● **Exercise goal**:
Output the data word for word, dropping every image.

● **Given material**:
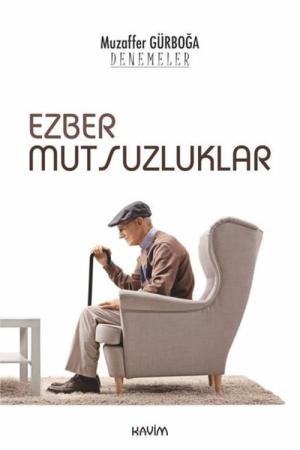 Ezber Mutsuzluklar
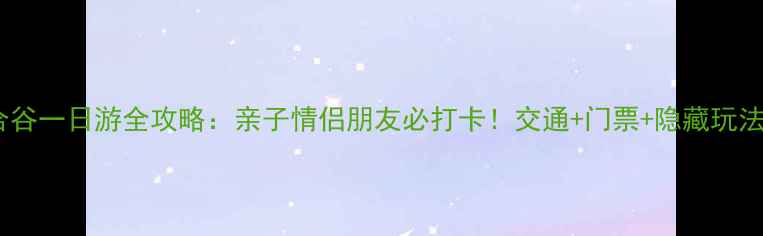 图片 天津光合谷一日游全攻略：亲子情侣朋友必打卡！交通+门票+隐藏玩法全公开1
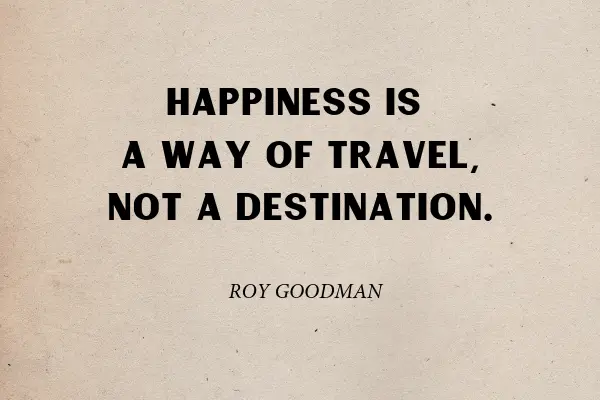 "Remember that happiness is a way of travel, not a destination" - Roy Goodman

● **Answer to the exercise**:
 Ezber Mutsuzluklar
 图片 天津光合谷一日游全攻略：亲子情侣朋友必打卡！交通+门票+隐藏玩法全公开1
 "Remember that happiness is a way of travel, not a destination" - Roy Goodman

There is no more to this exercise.